Start of AVAILABLE RECORDS

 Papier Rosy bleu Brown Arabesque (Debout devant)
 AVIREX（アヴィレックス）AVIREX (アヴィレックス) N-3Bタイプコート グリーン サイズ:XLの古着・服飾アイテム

End of AVAILABLE RECORDS
Start of AVAILABLE RECORDS

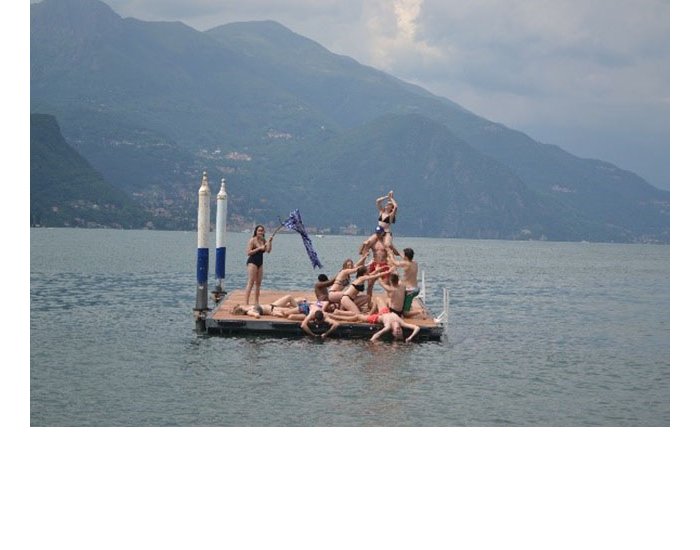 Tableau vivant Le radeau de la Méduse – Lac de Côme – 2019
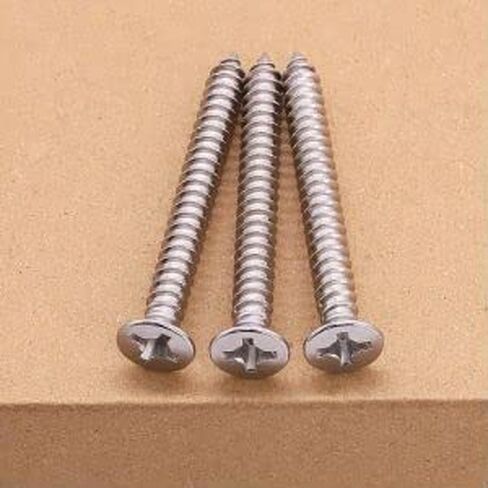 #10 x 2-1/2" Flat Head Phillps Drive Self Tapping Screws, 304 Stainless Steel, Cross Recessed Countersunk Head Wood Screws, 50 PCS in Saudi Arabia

End of AVAILABLE RECORDS

TASK OBJECTIVE -
Starting at the line containing "Tableau vivant Le" and stopping at the line containing "in Saudi Arabia", output each line exactly as it appears above. Leave out the pictures.

COMPLETED TASK -
 Tableau vivant Le radeau de la Méduse – Lac de Côme – 2019
 #10 x 2-1/2" Flat Head Phillps Drive Self Tapping Screws, 304 Stainless Steel, Cross Recessed Countersunk Head Wood Screws, 50 PCS in Saudi Arabia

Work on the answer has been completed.